Our second week of the Easter holidays was a unique time for us: it was block of days off yet we spent every night at our tiny place in Laindon. With Dave visiting it was decided - not by me, mind you, but given how weary I'd grown of our endless weekend/holiday overnight trips (with some big ones still to come) I wasn't about to complain. It was nice to be able to take some day trips - and we did plenty of them over the last week of March. Easter Sunday was spent up in Essex's famed Constable Country, while the day after we took in Southend, as if we were out to show Dave that our adopted county was equal doses pristine and tacky. A lengthy, tightly-packed car ride to Stratford followed. Shakespeare's house was nice and the town in general quite lovely but it was let down somewhat by our first disappointing pub lunch - even though I wasn't expecting much from The Slug & Lettuce, which doesn't exactly evoke fine dining.

Back in Laindon, Dave was my roommate. I'd spend a couple weeks on a cot in my parents' room during Cookie and Meghan's visit in February but now it was Julie's turn. Dave continued to be easy going almost to a fault. As my mum later wrote to Grandma Betty: "Dave said that Paul never wanted to go to sleep, just wanted to talk all night". Following a trip to the beautiful village of Finchingfield we took a detour that took us close to two hours out of our way; while Mum, Julie and me complained and Dad berated his rotten luck in being unable to find a turn off, Dave took it all with good humour.

A busy week but just as Dave's visit was wrapping up, we found ourselves with a free Saturday. I emerged for breakfast and Dad and his brother were plotting a football match for the three of us. Wisely opting out of taking in the Tottenham-West Ham clash at White Heart Lane, they chose to take the longer trek to the decidedly safer environs of Plough Lane for Wimbledon-Nottingham Forest. 

Like most North Americans, my knowledge of Wimbledon began and ended with tennis. I was still too young and naive to know that all stadiums and arenas are specifically designed to be in the dodgiest, most unpleasant parts of any given town and had imagined that the world's most famous tennis tournament (even though I've always been more of a Roland Garros man myself) would be situated in a gorgeous, upscale, leafy part of London. Turns out I was right about the leafiness but little else. Plough Lane was just another rundown dump of a stadium set in another rundown dump of an area. We paid our two quid apiece - an advantage of the days when teams played in shithole venues was that it at least it was cheap - peed on the wall of the men's room (since that was all there was) and had a sausage on a bun before claiming our spot in the terrace.

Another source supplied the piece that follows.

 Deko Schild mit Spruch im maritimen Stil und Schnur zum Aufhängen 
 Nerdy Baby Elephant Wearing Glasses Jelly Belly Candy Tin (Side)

Dad and I had spent our first live football experience envying the mob in the standing terrace and this was our chance. We got there early and chose the very back. The terrace began to fill up and it was bumping by the time of the kick off. An Ipswich, a Norwich and a Spurs supporter thus became temporary Dons fans. I knew nothing of Vinnie Jones - nor, indeed, Wimbledon's Crazy Gang - but we immediately took to him. He was a bad ass on the pitch, fearless, tough and in control. He fully lived up to his hard man reputation, he was a football Dennis Rodman but not the headcase, a Brian Bosworth who wasn't in awe of the Bo Jacksons (as the iconic photo of him grabbing Gazza's lunch box aptly demonstrates), a Jim Peplinski who people had heard of. If he wasn't the best player that day then no one dared tell him otherwise. Years later whenever I would see him in Snatch or Lock, Stock and Two Smoking Barrels or X-Men: The Last Stand, I would remark that I once saw him play soccer, much to the utter disinterest of whoever I happened to be with.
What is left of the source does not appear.